Collected material —
########################################

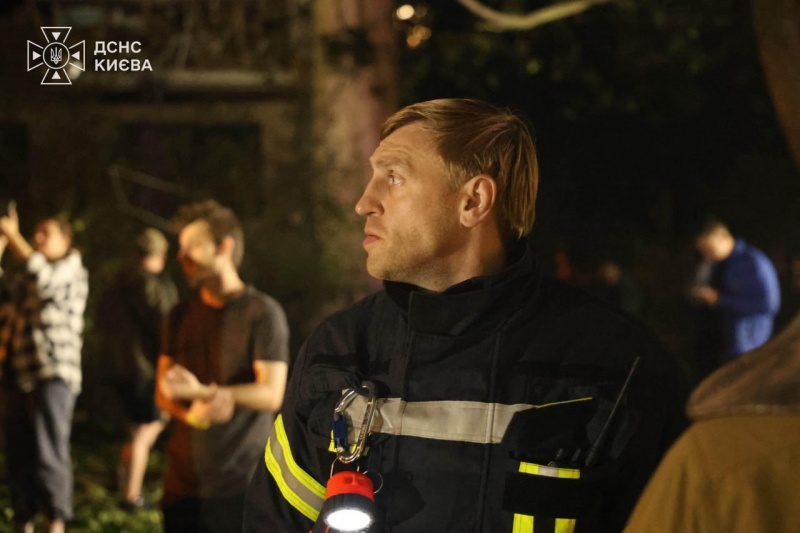 Russian attack on Kyiv hits homes, ignites warehouses and leaves people dead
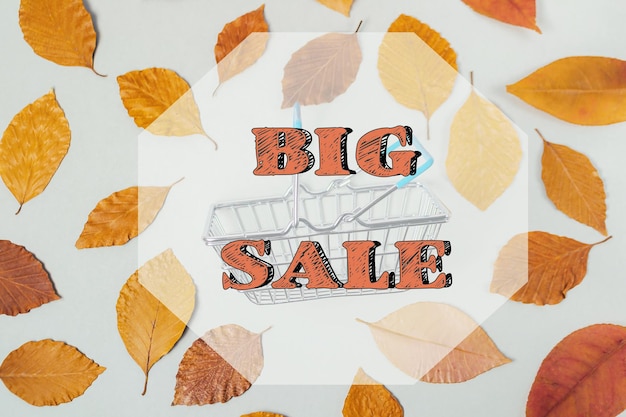 A big sale sign is written on a background of autumn leaves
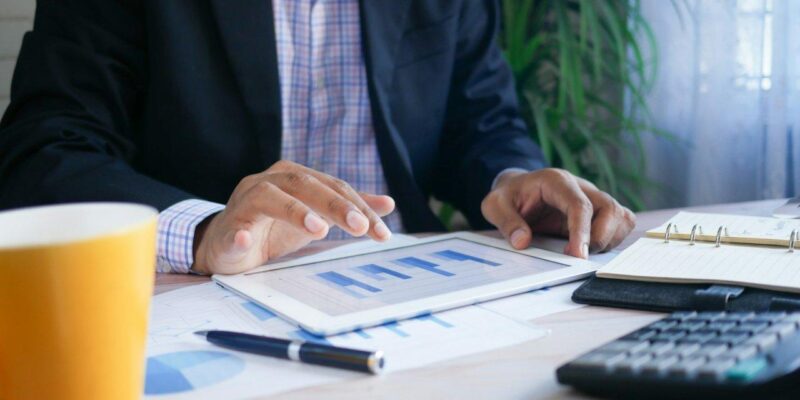 Pessoa analisando tabelas com o tablet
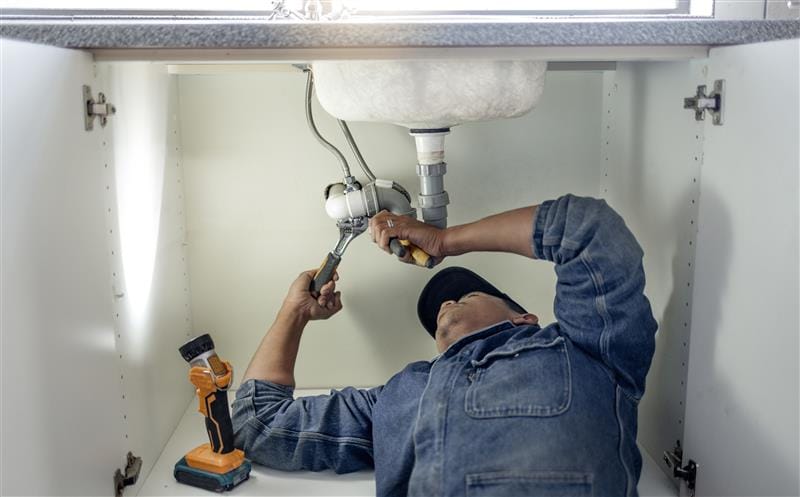 Plumber repairing pipes beneath a bathroom sink in Moorpark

########################################

Work task — Please give all of the material again, exactly, without the images.

Exercise response —
 Russian attack on Kyiv hits homes, ignites warehouses and leaves people dead
 A big sale sign is written on a background of autumn leaves
 Pessoa analisando tabelas com o tablet
 Plumber repairing pipes beneath a bathroom sink in Moorpark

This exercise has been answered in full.